His sickness forced me to realize that people don’t live forever at a time when most kids think they will. This is when I first became hyper-vigilant. Aware of the small moments as to not miss a thing. Keys and wallets placed in the same small storage bin near the door. Leather worn, money within. Impermanence breeds a need to hold on tight; as long as you can. I remember details that I don’t want to tell.

Let’s try again. Fleeting, silly, serious moments.

Dollar for dollar nobody protects you like Allstate.

Tell me about your first day at school

Tonight’s going to be a good night.

Excessive busyness makes it easier for me to pay attention, pulling out tidbits of information. My mind wanders yet holds onto things. It picks out what it believes is important and saves it for later. My mind has a mind of its own.

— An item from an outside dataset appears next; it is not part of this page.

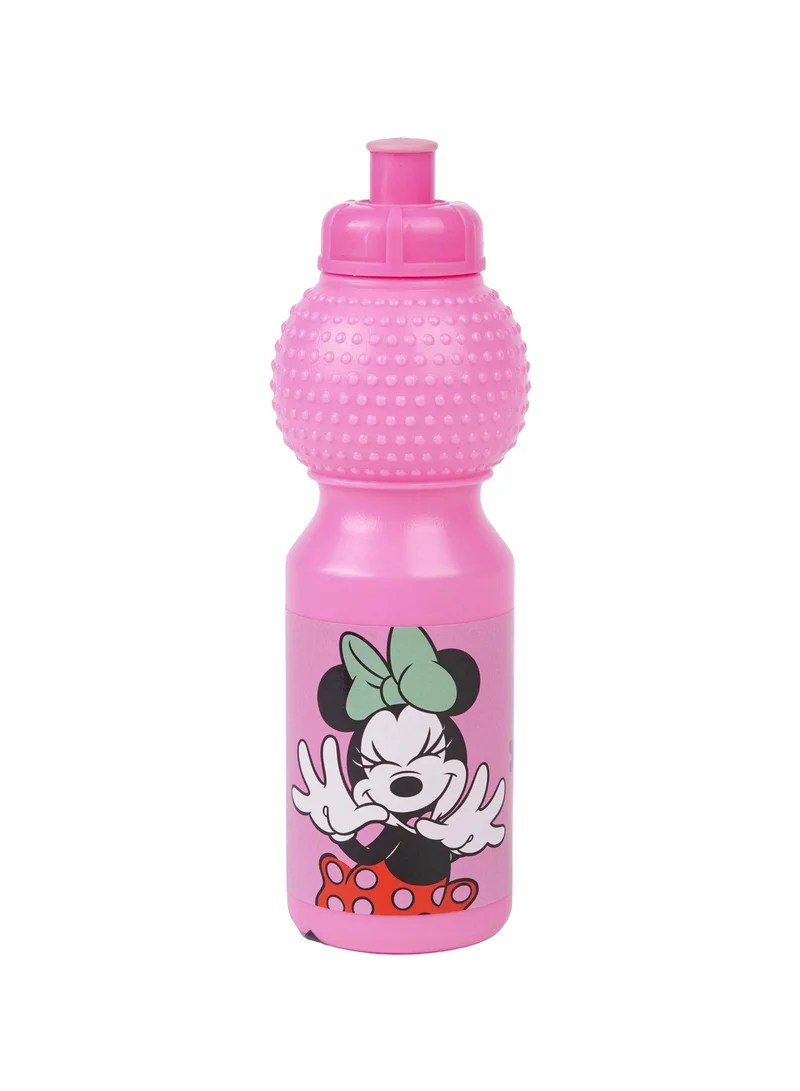Disney  Disney Minnie Mouse Toddler 3-in-1 Trolley Set 13" – Official Minnie Mouse Rolling Backpack with Water Bottle & Lunch Box, Wheeled Preschool School Bag Set for Kids | Girls School Bag for Women | Best Price UAE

I shall manage because I must.

Can I be invisible and King of the world?

Too much diet coke.

If I try to put how I make art into words that make perfect sense to you it won’t be true because I will be trying to please you, so don’t expect it to make perfect sense. My art is driven by the stored moments not by logic. It over-analyzes a string of thoughts and consciousnesses till there is no answer and all sides can be correct. It is my own language and sometimes I don’t understand it.

The cure for living is thinking

Hopefully they will not catch the snake and if they do they will not kill it.

This can be frustrating at times.

I am giving myself permission to make useless art. By useless, I mean driven by impracticality and informed by moments quietly noticed rather than shouted. What is noticed now has been built upon what was noticed before, creating a chain reaction that forms a diagram or conversation about something bigger;  insignificant moments that accumulate and become something significant.